• _Aim of the task_:
Bring back every record exactly, except for the pictures, which stay out.
--------------------------------------------------
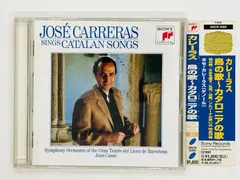 【未開封CD】鳥の歌 カタロニアの歌 カレーラス　SRCR-8612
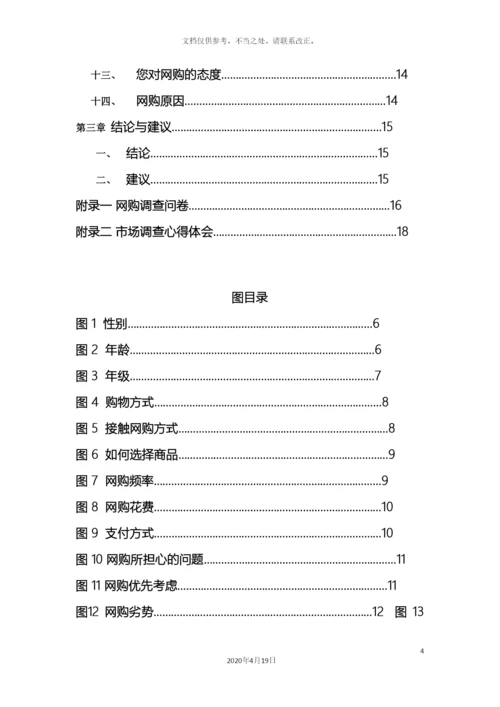 大学生网购调查报告.docx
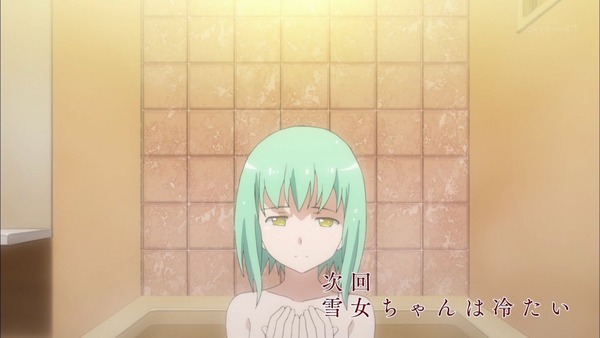 亜人ちゃんは語りたい054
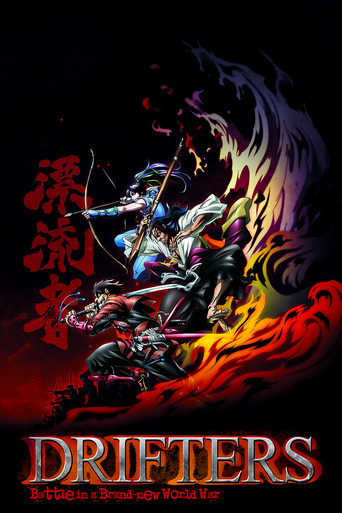 ドリフターズ (Drifters)
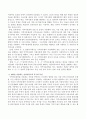 지역아동센터의 정책 제도 그리고 센터를 이용하는 클라이언트(CT)의 욕구와 특성을 서술하시오 3페이지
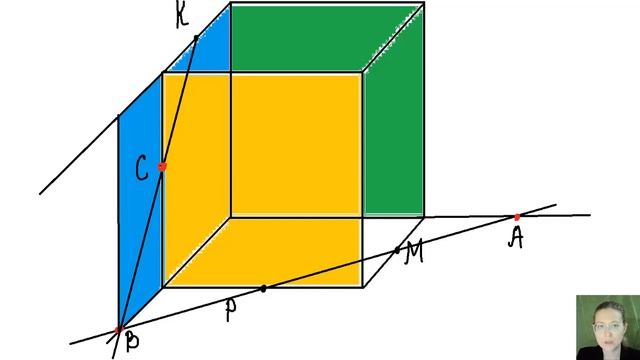 Построение сечения куба. Стереометрия. Математика 10-11 класс смотреть онлайн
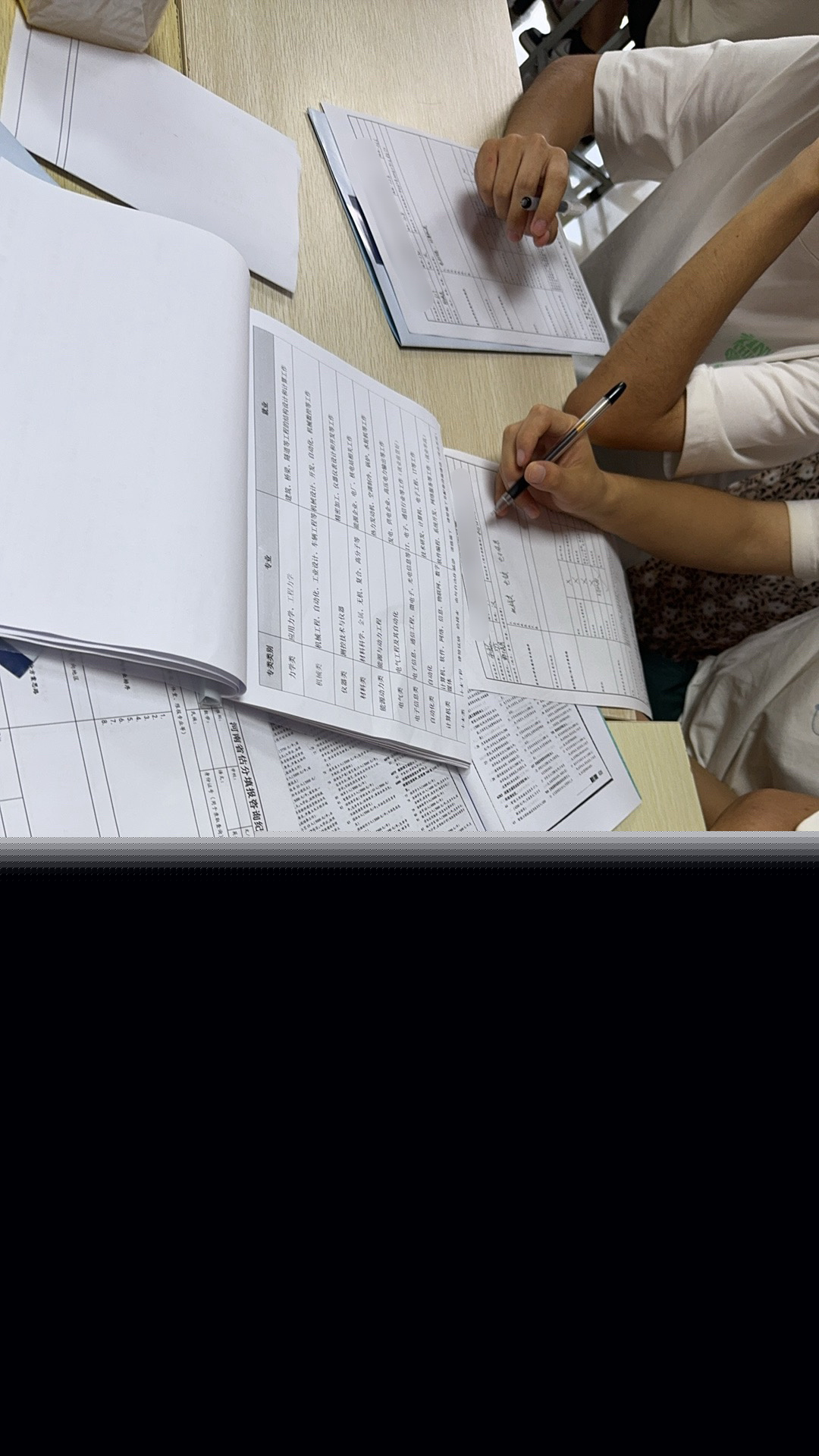 新澳今天晚上9點(diǎn)30分,實(shí)踐調(diào)查說明_趣味版95.383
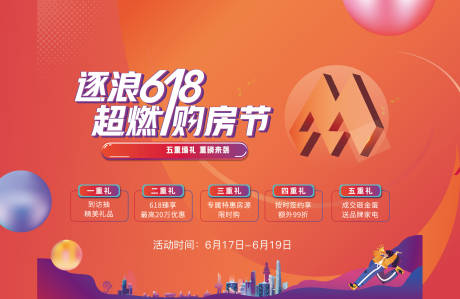 源文件下载【618购房节】编号：85340011670255369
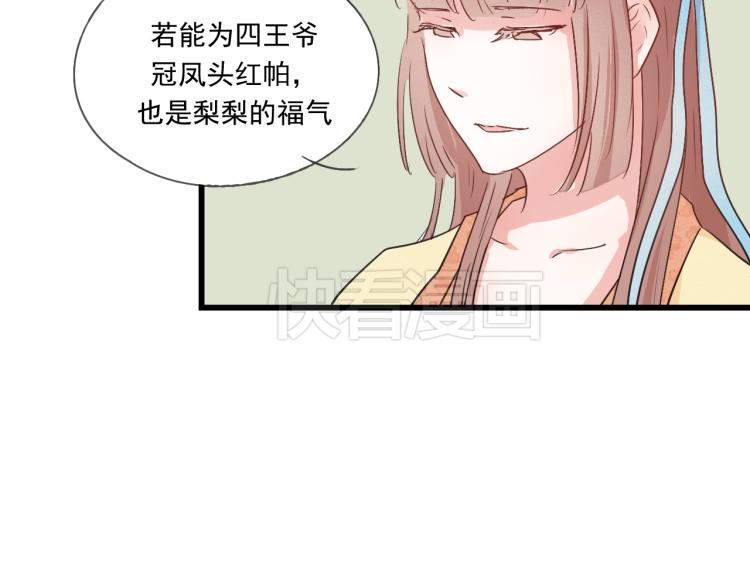 第44话 我愿嫁给四王爷15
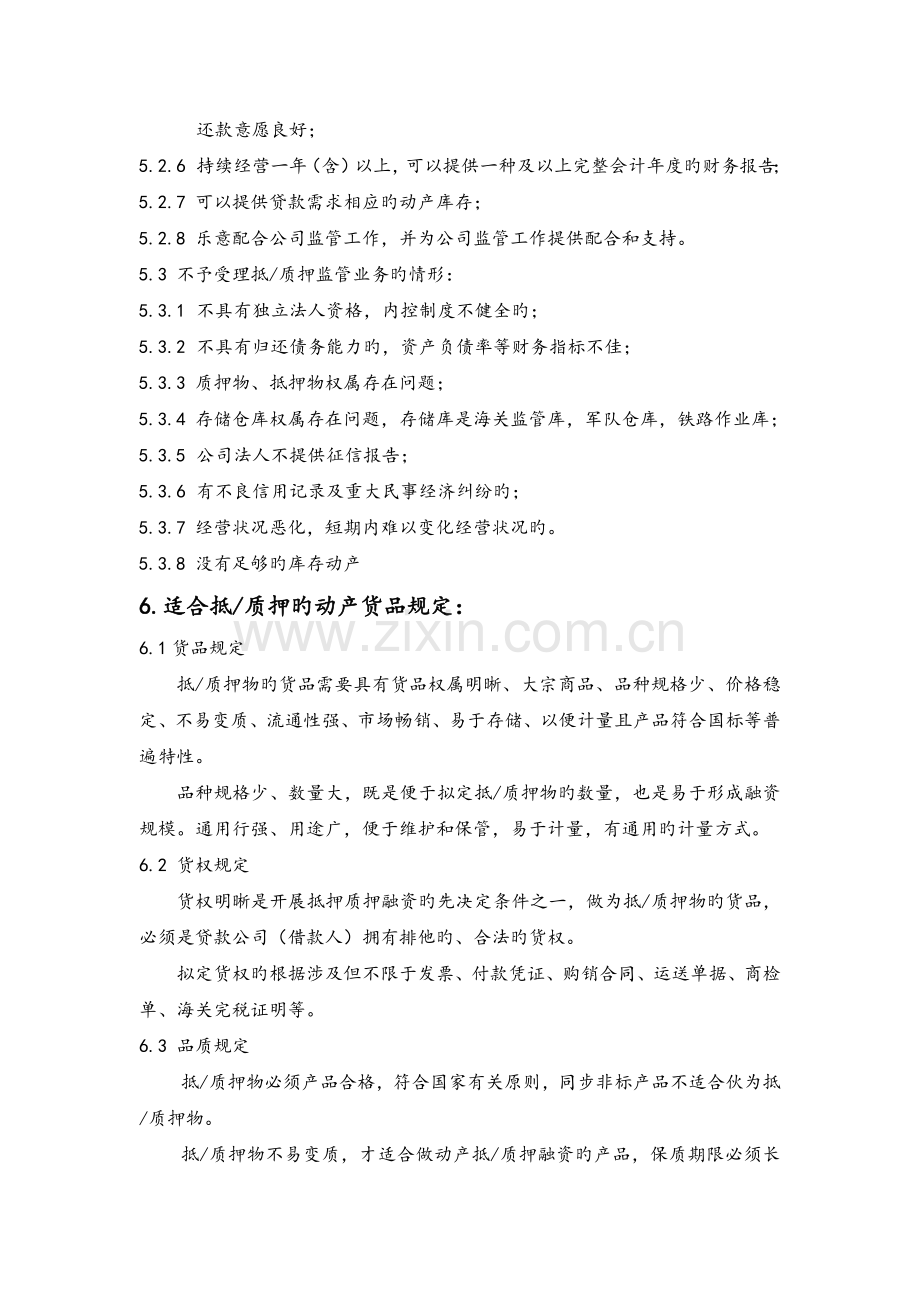 抵质押监管业务操作规程.docx_第2页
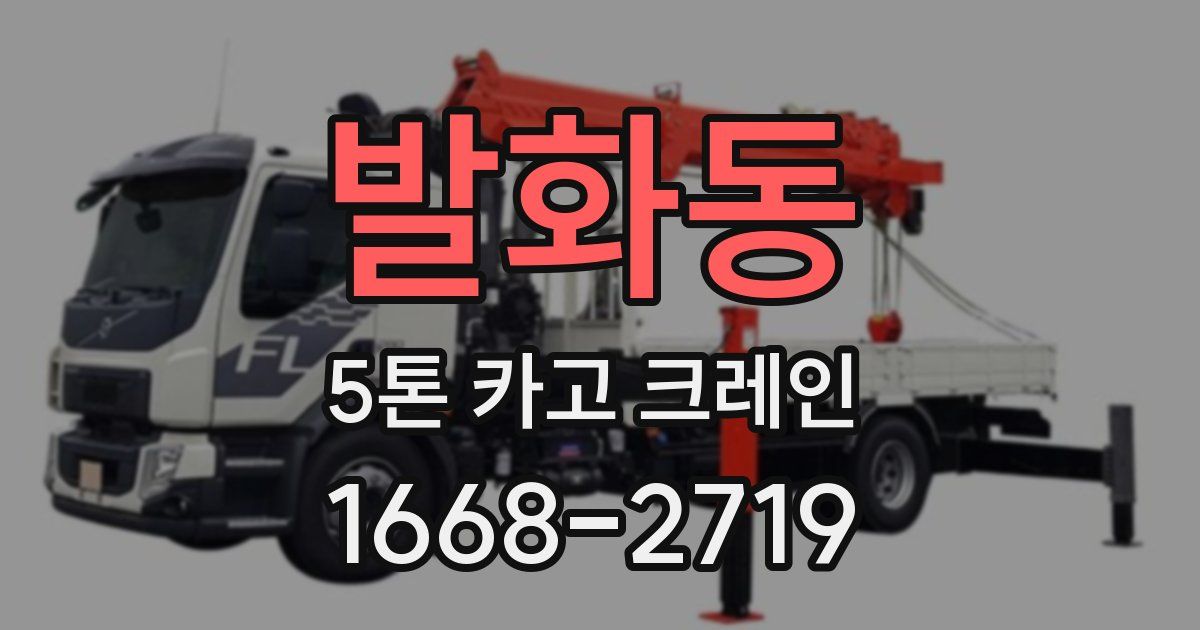 발화동 5톤 카고 크레인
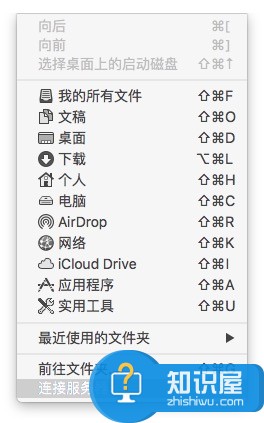 mac怎么共享屏幕? 苹果Macd电脑屏幕共享设置教程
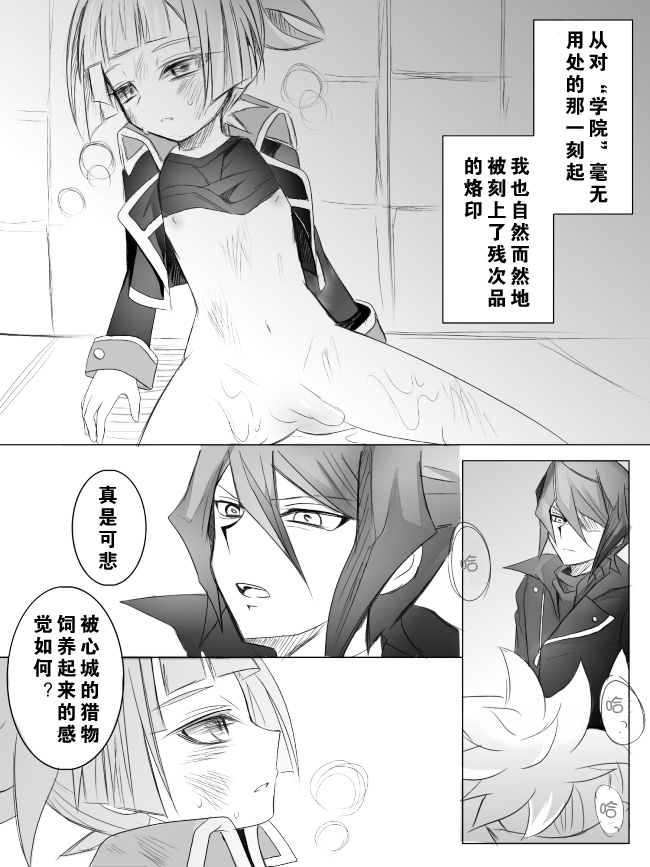 【隼素良】欠損玩具の行く末 (Yu-Gi-Oh! Arc-V) (chinese) page 2 full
--------------------------------------------------
• _The completed task_:
 【未開封CD】鳥の歌 カタロニアの歌 カレーラス　SRCR-8612
 大学生网购调查报告.docx
 亜人ちゃんは語りたい054
 ドリフターズ (Drifters)
 지역아동센터의 정책 제도 그리고 센터를 이용하는 클라이언트(CT)의 욕구와 특성을 서술하시오 3페이지
 Построение сечения куба. Стереометрия. Математика 10-11 класс смотреть онлайн
 新澳今天晚上9點(diǎn)30分,實(shí)踐調(diào)查說明_趣味版95.383
 源文件下载【618购房节】编号：85340011670255369
 第44话 我愿嫁给四王爷15
 抵质押监管业务操作规程.docx_第2页
 발화동 5톤 카고 크레인
 mac怎么共享屏幕? 苹果Macd电脑屏幕共享设置教程
 【隼素良】欠損玩具の行く末 (Yu-Gi-Oh! Arc-V) (chinese) page 2 full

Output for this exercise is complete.